▶ WHAT THE TASK ASKS: What is needed is every line from the one holding "Polyvivlio epanalipsis B'" to the last line of the data below, printed exactly and without pictures.

▶ GIVEN DATA:
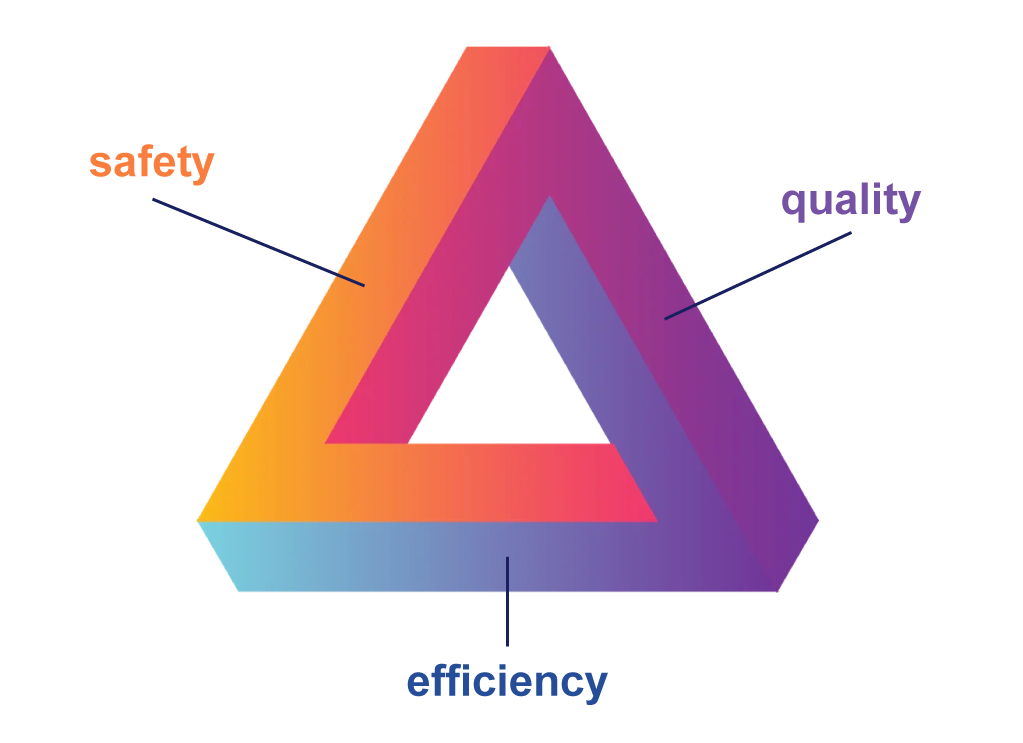 Safety, Quality, Efficiency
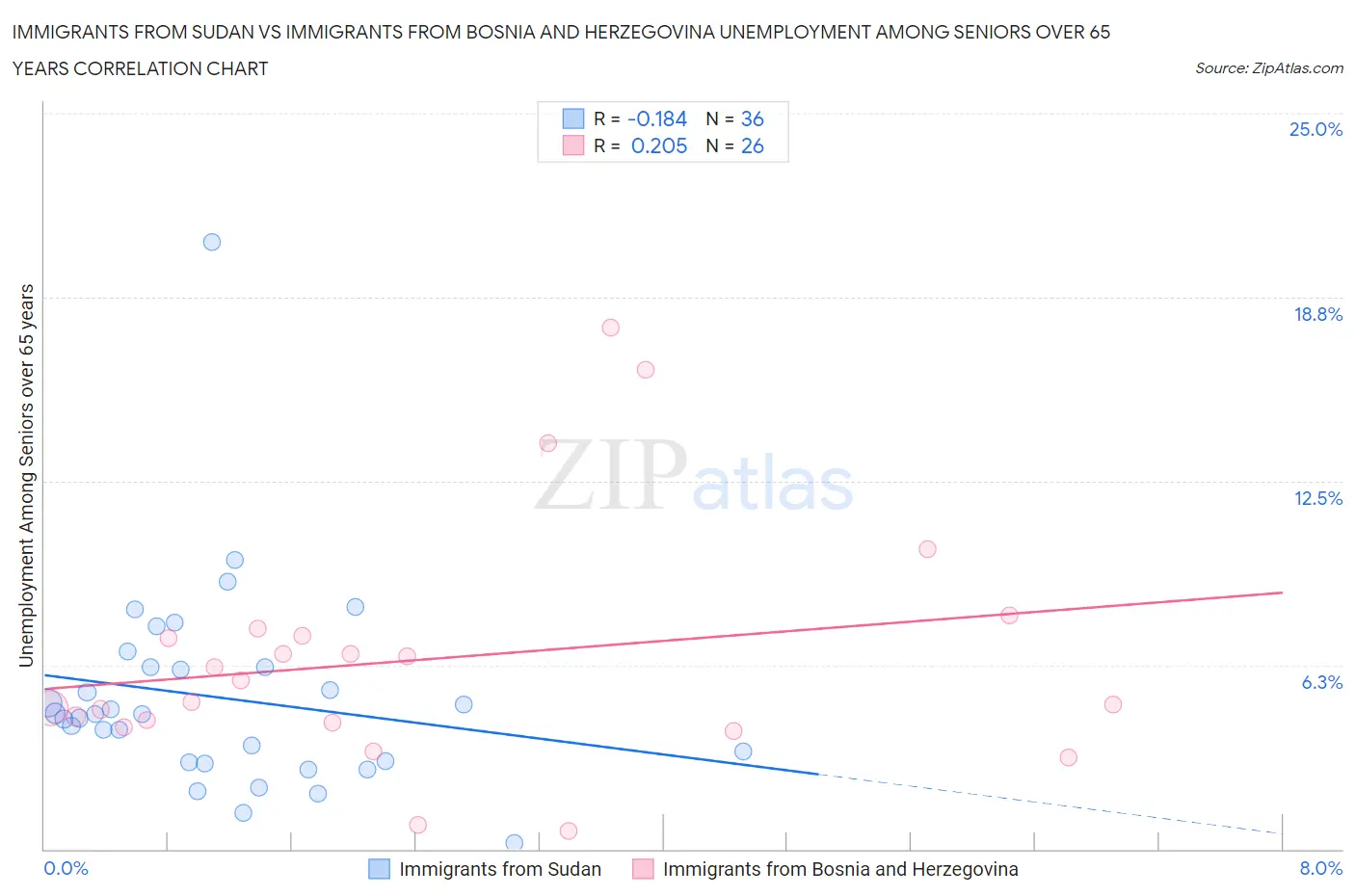 Immigrants from Sudan vs Immigrants from Bosnia and Herzegovina Unemployment Among Seniors over 65 years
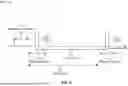Fig. 09 - GLOBAL NAVIGATION SATELLITE SYSTEM ASSISTED SYNCHRONIZATION SIGNAL BLOCK TRANSMISSION IN NONTERRESTRIAL NETWORKS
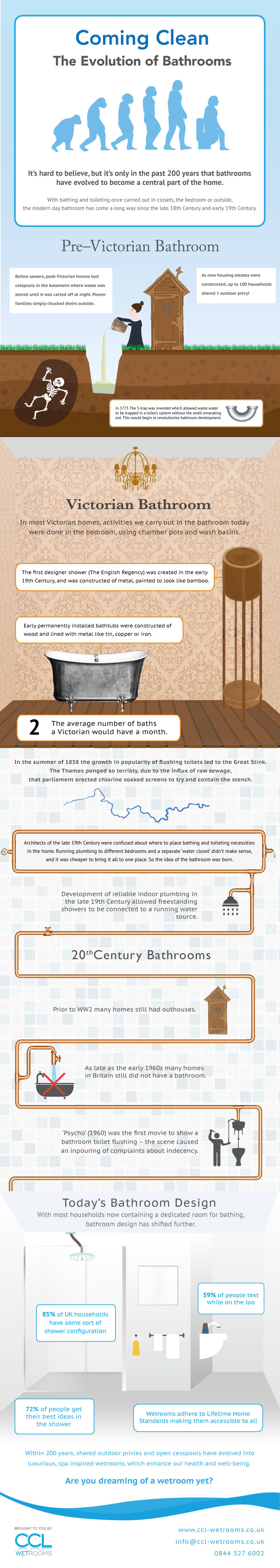 Bathroom Evolution infographic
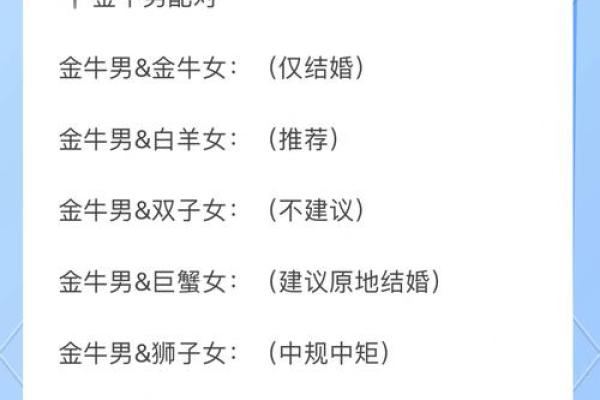 金牛座与双鱼座婚姻配对怎么样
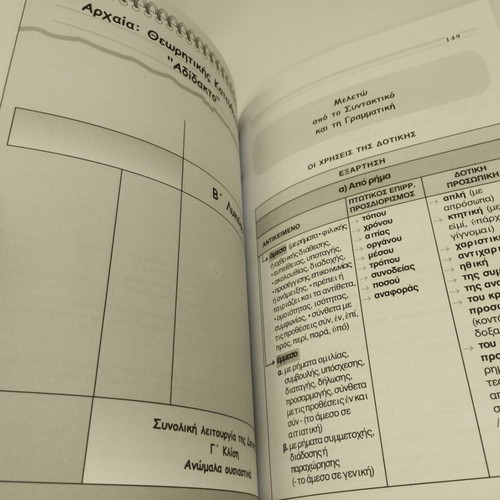 Polyvivlio epanalipsis B' lykeiou new, positive, technological, theoretical direction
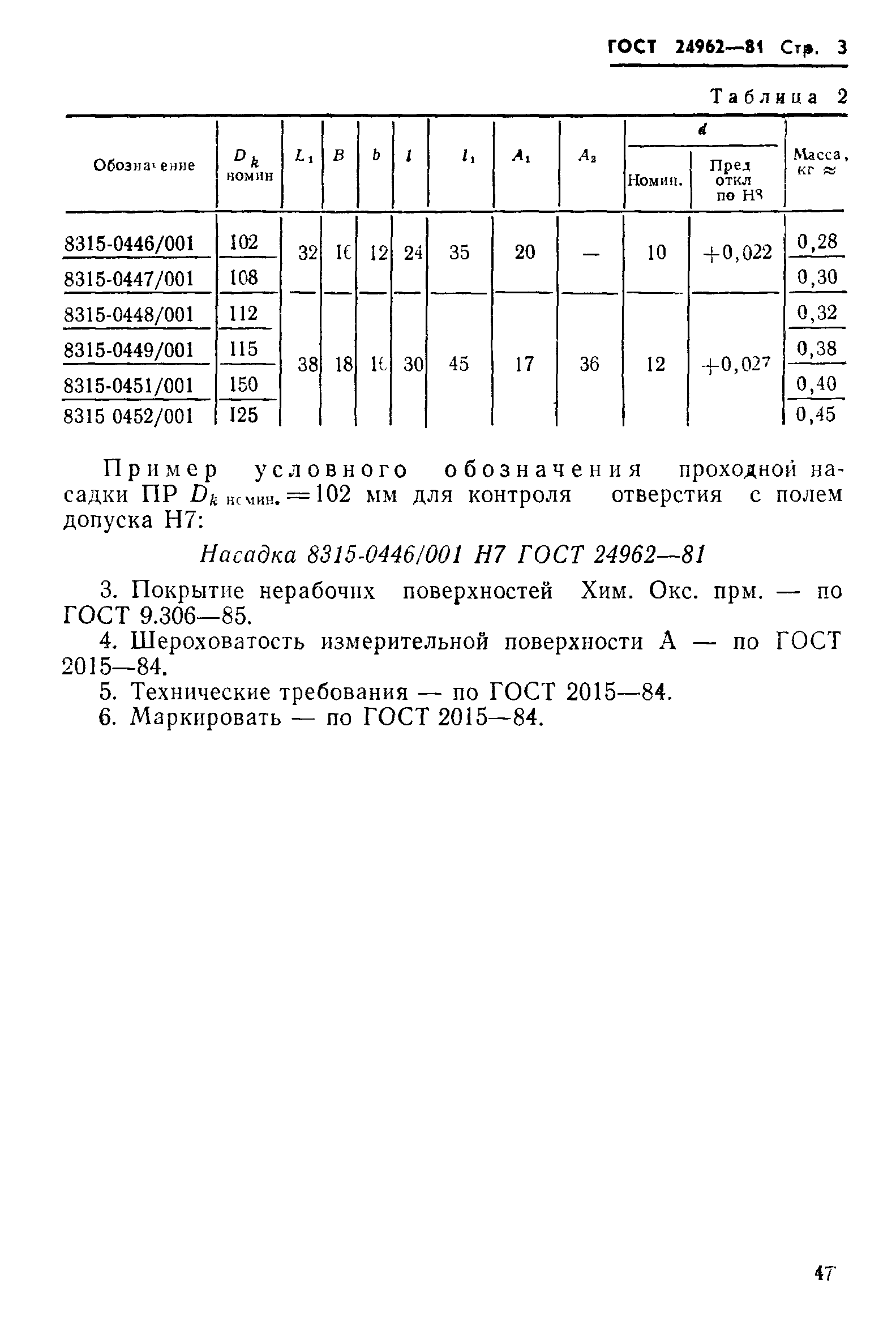 ГОСТ 24962-81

▶ EXERCISE RESULT:
 Polyvivlio epanalipsis B' lykeiou new, positive, technological, theoretical direction
 ГОСТ 24962-81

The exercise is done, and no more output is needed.